We’ve been to the Northeast, the Southwest and now we are heading to the Midwest for this episode of my continuing blog series. This week we’re traveling to Illinois to see how the Prairie State defines insurable interests.
Courts in Illinois have spelled it out plainly and clearly: “[a]n insurable interest at the time of the loss is essential to the validity of an insurance policy.”1 While one must have an insurable interest to have a valid policy and therefore a valid claim, one does not need to have clear title:
An insurable interest does not, of necessity, depend upon ownership of the property. It may be a special interest entirely disconnected from any title, lien, or possession. If the holder of an interest in property will suffer direct pecuniary loss, by its destruction, he may indemnify himself therefrom by a contract of insurance. The question is not what is his title to the property, but rather, would he be damaged pecuniarily by its loss. If he would, he has an insurable interest.2
More simply stated and in language we’ve seen before, “a person has an insurable interest in property whenever he would profit by or gain some advantage by its continued existence or suffer loss or disadvantage by its destruction.”3
Chip Merlin noted in his blog post last week, California Insurable Interest and the Merlin Law Blog Search Function, that “[m]any policyholders are ignorant about the fine detail of insurable interest requirements and are more concerned with ‘getting the property’ rather than ‘getting the right party’ insured.” Make sure you double check the policy before filing your client’s claim to confirm you have both the right property and the right party.

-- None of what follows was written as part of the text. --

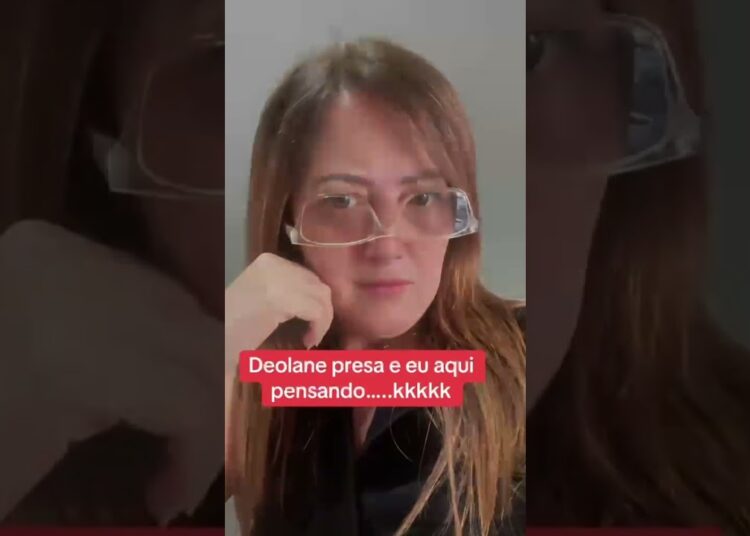 😳 O caso Deolane explodiu e a internet entrou em choque @Ferreirawa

While I haven’t had the opportunity to visit Illinois yet, I look forward to spending time there someday soon, especially in Chicago. As always, I’ll leave you with a (mildly) related tune, here’s Old Blue Eyes, Frank Sinatra with Chicago My Kind of Town:
1 Hawkeye-Security Ins. Co. v. Reeg, 128 ILL.App.3d 352, 354 (Ill. App. Ct., Fifth Dist. 1984).
2 Id., citing Crossman v. American Ins. Co. of Newark, N.J., 198 Mich. 304, 308 (1917).